Aquello llamó la atención de la joven, que parecía entendida en ese tipo de complementos.
– Es de porcelana -dijo, comparándola con sus propias uñas, pintadas en un tono más claro-. Quién las pillara.
– Aquí, en Murcia, ¿dónde puede alguien ponerse unas como ésa?
Ella reflexionó.
– Es una ciudad pequeña; yo creo que, si acaso…, en Llorens.
– Gracias, guapa -agradeció, saliendo a toda prisa.
Aquella era la mayor, por no decir la única, peluquería de Murcia con salón de belleza incluido. Las damas más acaudaladas de la ciudad pasaban allí las tardes enteras charlando y cotilleando mientras se daban masajes faciales, se teñían el pelo o se hacían la manicura. Algo que, sin duda, quedaba muy lejos del poder adquisitivo de la mayor parte de la población, que aún estaba a un paso, como quien dice, del hambre.
Entró en el amplio salón situado en la calle de Trapería, junto a las Cuatro Esquinas, y tres damas que ojeaban revistas con la cabeza metida en inmensos secadores le miraron con cierto interés. No era habitual ver un hombre en un santuario femenino como aquel.
Aún no se habían cerrado las inmensas puertas de cristal cuando una señora que vestía un elegante traje chaqueta de mezclilla con el pelo recogido a lo Audrey Hepburn se identificó como la encargada y dijo:
– ¿En qué podemos ayudarle?
Dio los buenos días, sacó la placa con discreción y mostró la uña.
– Quisiera saber si esta uña se colocó aquí.
– Un momento.
Esperó hojeando una revista en la que aparecía Carmen Sevilla en biquini. No se explicó cómo aquellas fotografías habían eludido la censura. Sintió un impulso que creía olvidado y su mente recordó a la hija de la costurera, Clara.
– Pase por aquí -invitó la encargada.
Le hicieron bajar unas escaleras y se vio en una especie de pequeño almacén. Allí aguardaba una joven que llevaba una bata de color azul y se recogía el cabello en una cola:
– Esta es Amalia, nuestra manicura. Ella le atenderá gustosamente -explicó la encargada, y los dejó a solas.

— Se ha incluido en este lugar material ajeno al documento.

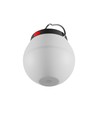 Lumina Orb solar lamp, Ø9,8cm - 800mAh, 9,5cm hoog, decoratieve buitenlamp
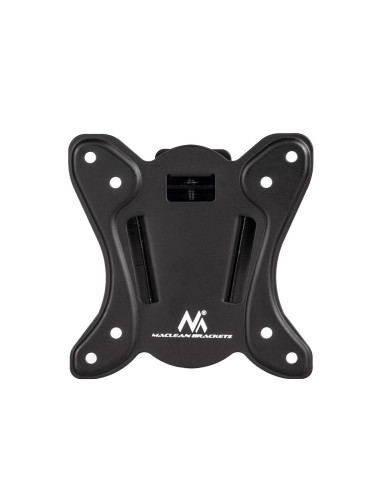 Uchwyt Ścienny Do Telewizora Maclean Mc-715 (Stały - 27"  Max. 25Kg)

– Alsina, policía -dijo a modo de presentación al tiempo que le daba la uña-. ¿Es trabajo vuestro esto?
La joven la miró con atención. Le dio la vuelta.
– Sí, son caras; lo recuerdo, se las coloqué a una señora hará cosa de…, cinco, quizá seis días.
– ¿Era morena? ¿Con un tono de pelo tirando a caoba?
– Sí, muy guapa. Muy elegante.
– Está muerta. Quiero saber dónde vivía. ¿Se lo dijo?
La joven hizo memoria. Asintió.
– Se hospedaba en el hotel Victoria.
– Era una prostituta, ¿verdad?
– Sí. Al principio hablaba poco, pero llevaban aquí más de un mes y venían tres veces por semana.
– ¿Venían?
– Sí, ella y una amiga, una rubia, alta; parecían actrices de cine. Me dijo que qué hacía trabajando en esto si de los hombres se podía sacar más dinero.
– ¿Cómo se llamaba?
– Nunca lo dijo.
– Muchas gracias, has sido de mucha ayuda.
Al salir pidió a la encargada que le dejara echar un vistazo al dietario.
– Aquí -indicó la mujer señalando-. Una reserva a nombre de Ivonne.
– Ivonne.
Salió de allí a toda prisa y no tardó mucho en llegar al lujoso hotel Victoria, que, señorial y junto al Puente de los Peligros, vigilaba imponente desde lo alto la Gran Vía. Era el mejor y más lujoso establecimiento hotelero de la ciudad. Entró en el hall echando un vistazo hacia arriba como un palurdo y pidió hablar con el director tras enseñar la placa. En seguida compareció un tipo alto, de fino bigotillo, vestido con un elegante chaqué. Le recordó a un pingüino. El pantalón, gris y de mil rayas, le pareció muy elegante, y la corbata le rememoró las de los caballeros que aparecían en las ilustraciones de las aventuras de Holmes que había leído de pequeño.
– Desiderio Córcoles -se presentó estrechando su mano.
– Julio Alsina.
El director lo hizo pasar a su despacho y tomaron asiento. Una fotografía del Generalísimo presidía el cuarto.